Re: ANN: Release of class-specific subsets of WebDataCommons Schema.org Data from Simon Spero on 2014-12-05 (public-vocabs@w3.org from December 2014)

From: Simon Spero <sesuncedu@gmail.com>
Date: Fri, 5 Dec 2014 09:32:17 -0500
To: Robert Meusel <robert@informatik.uni-mannheim.de>
Cc: W3C Web Schemas Task Force <public-vocabs@w3.org>
Message-ID: <CADE8KM5USa9oOZXdkWHFNbyVodMa8NiWT9VNMUb+QKnd5=iD8g@mail.gmail.com>

Robert -
I notice that, in at least some of the sample data, the predicates IRIs are
formed by appending the property name to the class IRI - for example:
"<http://schema.org/Corporation/employees>".
This conflicts with the schema.org magic sub property rules.

I believe that the propertyURI value for schema.org is "vocabulary", which
would generate the correct predicate IRI <http://schema.org/employees>.

As long as there were no sdo magic subproperties in the original data, this
should be simple  to fix in post.

See: <http://www.w3.org/TR/microdata-rdf/#introduction>

Simon
On Dec 5, 2014 6:10 AM, "Robert Meusel" <robert@informatik.uni-mannheim.de>
wrote:

>  Dear All,
>
> The WebDataCommons team is happy to announce that we have released several
> class-specific subsets of the Schema.org Data contained in our Winter 2013
> Microdata corpus [1]. We hope that providing those topic-specific subsets
> for over 50 different Schema.org classes (like product, event, or address)
> will make it easier for the community to explore and work with the data.
>
> The different datasets, along with some statistics about the data can be
> found here:
> http://webdatacommons.org/structureddata/2013-11/stats/schema_org_subsets.html
>
> The subsets contain all instances of a specific class as well as all other
> data that is found on the webpages containing these instances.
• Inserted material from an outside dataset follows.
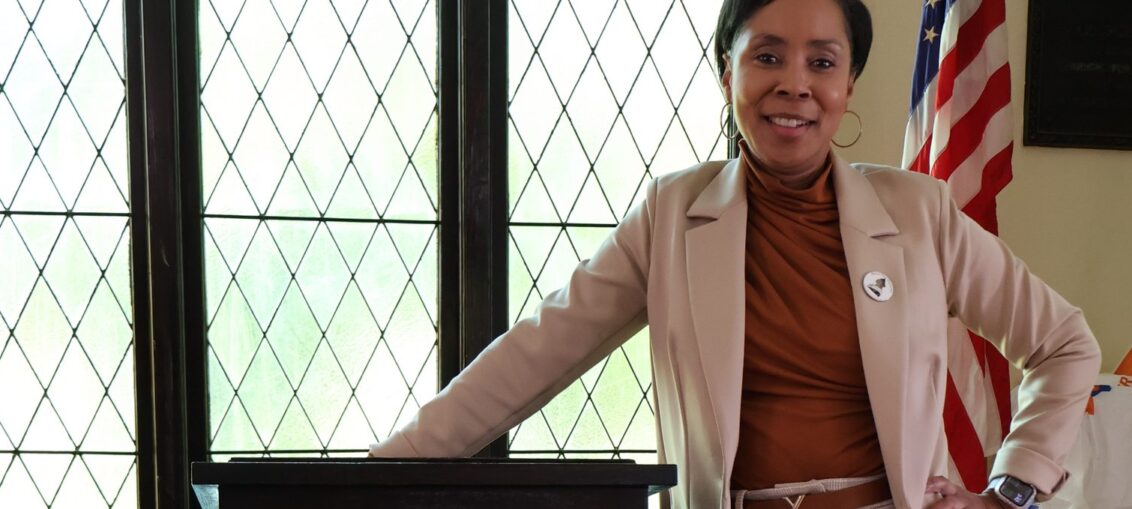 Sonya stands at the pulpit in Putnum Presbyterian Church in Ohio.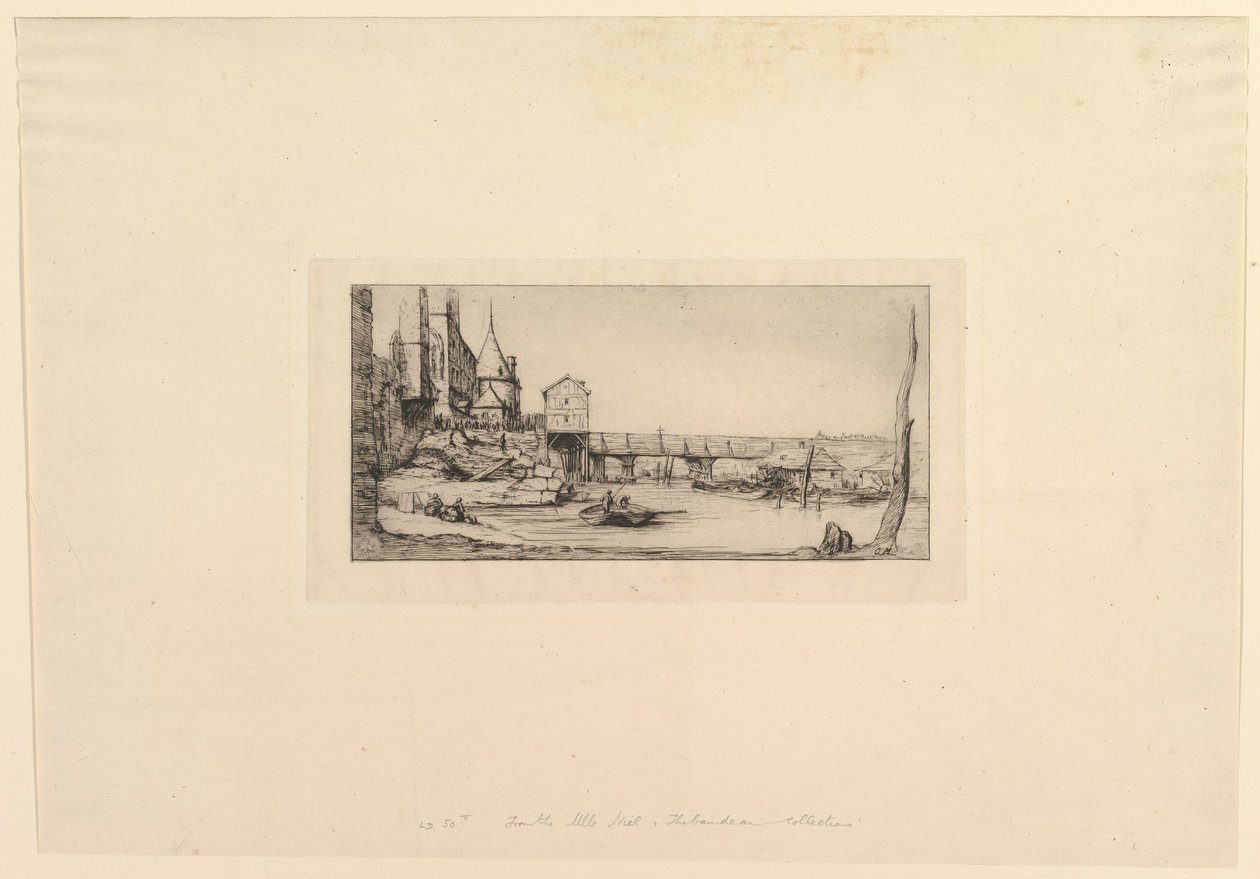 Lávka pro pěší Pont-au-Change, po požáru v roce 1621 Lávka dočasně nahradila..., 1860. od Charles Meryon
For example,
> a page containing data about a product might also contain reviews and
> offers for this product; a page containing data about an event might also
> contain data about the location of the event and the persons involved in
> the event. The data was originally extracted using Any23 [2] from the
> Winter 2013 crawl provided by the Common Crawl Foundation [3]. The
> extracted data is represented in N-Quads [4] format, meaning that the forth
> element of each quad contains the URL of the webpage from which the data
> was extracted.
>
> We thank the Common Crawl Foundation for providing their Web corpera.
>
> Best Regards,
>
> Chris, Heiko & Robert
>
>
>
> [1] http://webdatacommons.org/structureddata/2013-11/stats/stats.html
> [2] http://any23.apache.org
> [3] http://commoncrawl.org
> [4] http://www.w3.org/TR/n-quads/
>
> --
> Robert Meusel
> Chair of Information Systems V
> Web-based Systems Group
> Universität Mannheim
> B6, 26, Room C1.04
> D-68159 Mannheim
> Phone: +49 621 181 2648
> Mail: robert@informatik.uni-mannheim.de
> Web: dws.informatik.uni-mannheim.de
>
>

Received on Friday, 5 December 2014 14:32:43 UTC